I could have kept extending it. Add another special case for GroupJoin. Another branch for nested Any. Another code path for each new shape. Every extension would produce SQL that might be correct, and I would find out when a user reported wrong results.
That was the real problem. Not that certain queries threw exceptions — that is manageable. The problem was the queries that would run, return plausible-looking results, and be wrong. For a database, that is the worst kind of failure.
I decided to rebuild the translator.
The decision
Once that was clear, I stopped extending the old translator and rebuilt it around a typed representation. The query had to exist as structure before it existed as SQL text.
I built it in F#, using .NET discriminated unions. That made the SQL shapes explicit, made the engine easier to reason about, and much harder to add new forms without updating every part of the pipeline that needs to know about them.
The result is what I call the SQL DU Engine. The contract layer uses discriminated unions such as SqlExpr, JoinShape, and TableSource, plus the SelectCore record, to describe every SQL shape SoloDB knows how to emit. If a query cannot be represented by these types, it cannot reach SQLite. That is how unsupported shapes get caught.
Once the query exists as a typed structure, the engine can validate it, simplify it, and rewrite it before emitting anything. That is what the earlier StringBuilder-based SQL generator was not built to do. The optimizer runs multiple passes — folding constants, flattening subqueries, pushing predicates through boundaries, narrowing projections — in a loop until no pass produces a simpler result. Then the emitter walks the typed tree and writes the final SQLite SQL.
What it enabled
With the typed path in place, the supported DBRefMany LINQ surface expanded substantially. Filtering, aggregation, ordering, paging, projection, set operations, and grouped joins over DBRefMany now translate to SQL for supported compositions. Not because I added more special cases to the old generator, but because the typed representation can express these shapes and the optimizer can simplify them before emission.
Here is a concrete example. Find all ledgers where the three smallest expenses sum to exactly 60:
var result = ledgers
.Where(l => l.Expenses
.OrderBy(e => e.Amount)
.Take(3)
.Sum(e => e.Amount) == 60m)
.ToList();
That translates to a single SQLite statement. The OrderBy, Take, and Sum over the DBRefMany collection all stay inside the database.

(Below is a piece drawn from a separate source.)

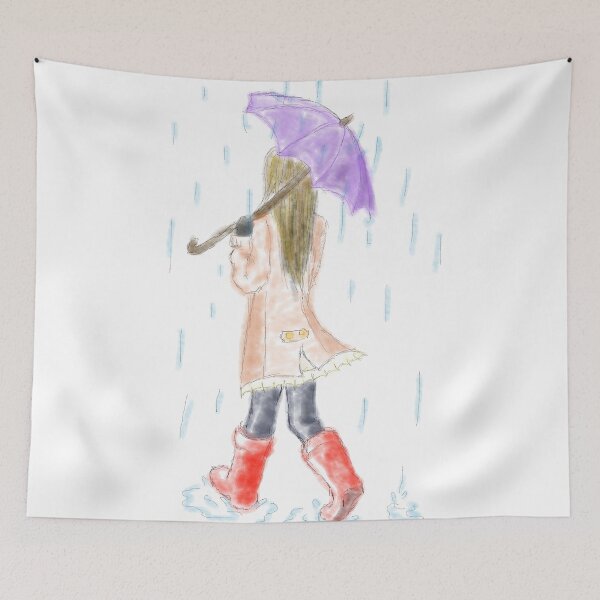 Item preview, A walk in the rain designed and sold by CaptainPoptop.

GroupJoin works the same way. For each event, count tickets and sum VIP revenue:
var summary = events.AsQueryable()
.GroupJoin(
tickets.AsQueryable(),
e => e.Id,
t => t.EventId,
(e, group) => new
{
e.Title,
TicketCount = group.Count(),
VipRevenue = group.Where(t => t.Tier == "vip").Sum(t => t.Price)
})
.OrderBy(x => x.Title)
.ToList();
Nested relation queries — DBRefMany through DBRef through DBRefMany — translate to correlated subqueries in one SQLite statement. No N+1.
And when a shape is outside the supported surface, SoloDB throws NotSupportedException during translation, before the query runs. No silent fallback to client-side evaluation. No partial results that look correct and are not.
Where it landed
The work ended at 4605 tests with zero failures. More queries stay inside SQLite. The boundaries are explicit.
That is what moving from a string builder to a typed representation actually changes. Not the feature count — the confidence that the features are correct.